Besides fluorescent labeling, 5-Propargylamino-ddUTP also supports conjugation with biotin, digoxigenin, and other haptens, enabling downstream detection with streptavidin or antibody-based systems. This versatility makes the molecule particularly useful in non-radioactive labeling protocols. The modification at the 5-position does not interfere with Watson-Crick base pairing, and incorporation fidelity is generally preserved, ensuring compatibility with standard DNA polymerases such as Taq, Pfu, and Klenow fragments.

Commercially available versions of 5-Propargylamino-ddUTP, either unlabeled or pre-conjugated with a range of reporter molecules, have facilitated its broad use in molecular biology and biotechnology research. It is employed in single-nucleotide labeling techniques, primer extension assays, and DNA mapping strategies, where the terminal alkyne serves as a modular site for probe addition after DNA synthesis. The compound is particularly suitable for multiplex assays where distinct fluorescent signals are required for different DNA targets.

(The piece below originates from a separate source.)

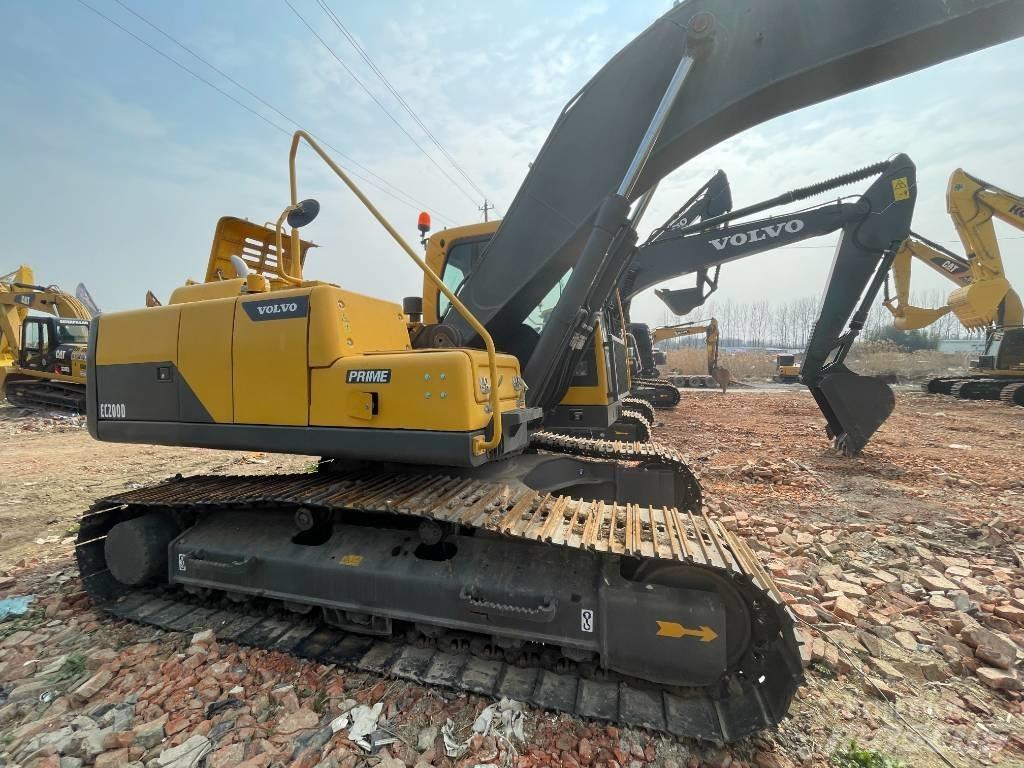 Volvo EC 200 Raupenbagger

In the context of synthetic biology and nucleic acid therapeutics, 5-Propargylamino-ddUTP provides a platform for introducing functional groups into DNA strands without disrupting base recognition or helix stability. It supports the development of novel biomolecular constructs such as DNA-based sensors, functional nanostructures, and chemically addressable gene probes. Moreover, its alkyne functionality is orthogonal to native biological functionalities, making it ideal for selective modification in complex biological environments.

5-Propargylamino-ddUTP exemplifies the advancement of nucleotide chemistry aimed at combining biological activity with chemical reactivity. Its ability to act as a chain terminator while offering a modular point for conjugation makes it a valuable reagent in modern molecular biology, diagnostics, and imaging.